The board approved several modifications to the employee handbook. Of the bigger changes noted by Shappell, one was to update the starting salaries of various positions and a few other minor changes. Shappell also noted that there will be an added avenue for professional development for all support staff.

“It’s an incentive to attract and maintain employees, as well as recognize all the hard work being done for our kids,” Shappell said.

Modifications of the district’s eSchool policy were also approved. Shappell said that the policy won’t call it “eSchool”, but rather be “JEDI centric,” to address what it’s about, how to apply, and more.

Students will be able to mix-and-match in person and virtual courses, but on a very limited basis. Shappell gave examples of a full-time JEDI student that will still be able to take band in person, and other similar district classes. Also, students who are in person full time can still take a JEDI course or two if a similar one is not offered at his/her school — Shappell noted that taking an American Sign Language class on JEDI is one of those examples.

High school students who choose the JEDI program must still meet all normal district requirements for graduation.

Personnel update

The only hiring that the board needed to approve at the July 19 meeting was for Katie Kooistra, a new middle school science teacher.

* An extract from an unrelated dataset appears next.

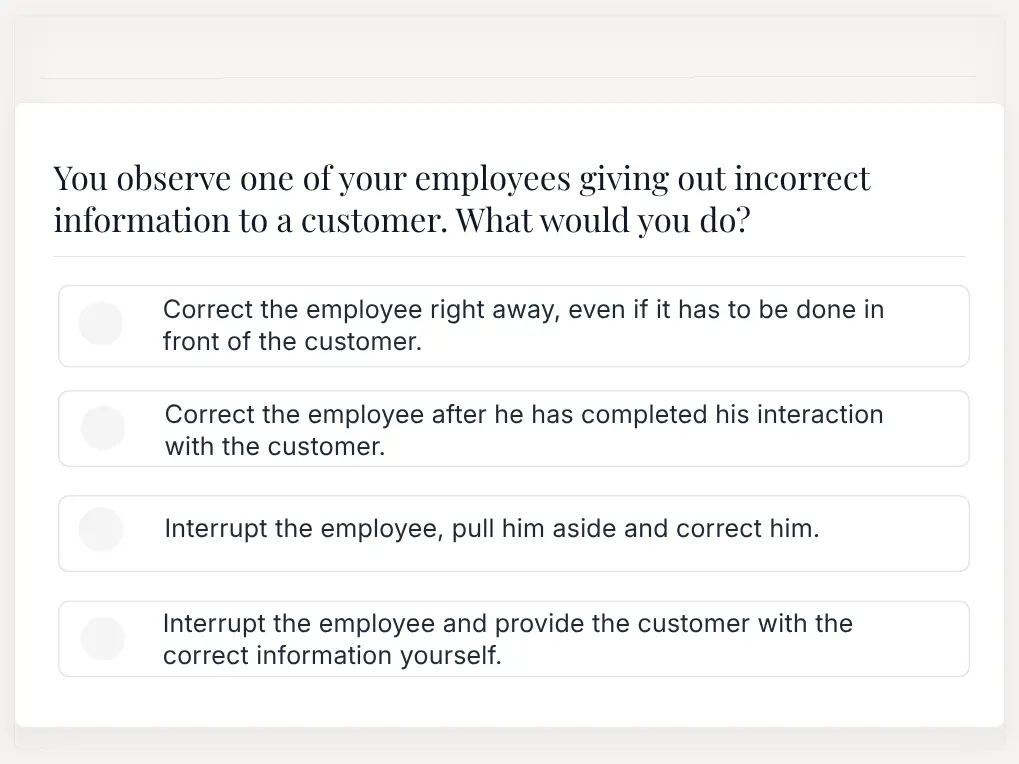 Situational Judgment Test For Supervisors Sample Question | EmployTest Situational Judgment Test For Supervisors Sample Question
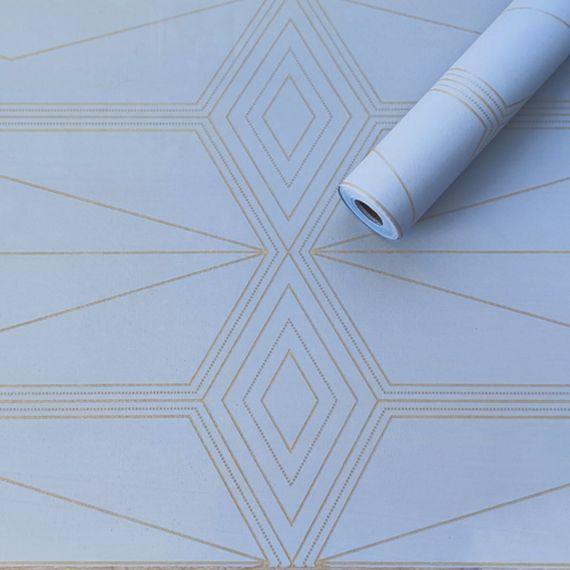 Самоклеюча плівка 0,45х10м х 0,07мм Блакитна із золотом SW-00001218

The district currently has has seven open positions — two full-time custodians, a third grade teacher, and elementary/middle school physical education teacher, an elementary/middle school assistant principal, a PHS assistant cross country coach, and a seventh grade volleyball coach.

Community Forum

During the community forum portion of the meeting, one mother spoke out against Critical Race Theory being taught at the Poynette schools.

She objected to the “racist teachings” and did not want to “pit black versus white.” The mother wasn’t opposed to having kids learn about slavery at all, but not in the CRT fashion. She felt learning about those topics of history are important so that future generations don’t repeat certain aspects of history.

She noted that her young daughter called her to take her home one day, not because she was sick, but later told her mother that she felt uncomfortable with what was being taught in a class. The mother said the children were reading a book about a poem that mentioned the Blacks Lives Matter movement, which seemed to insinuate that all police officers are racist and kill black people. The daughter was upset because two of her family members are police officers.

The mother said that CRT painted “a broad brush” on the overall topic. She concluded by saying that a strong focus should also be placed on math, science and reading among all levels of the district.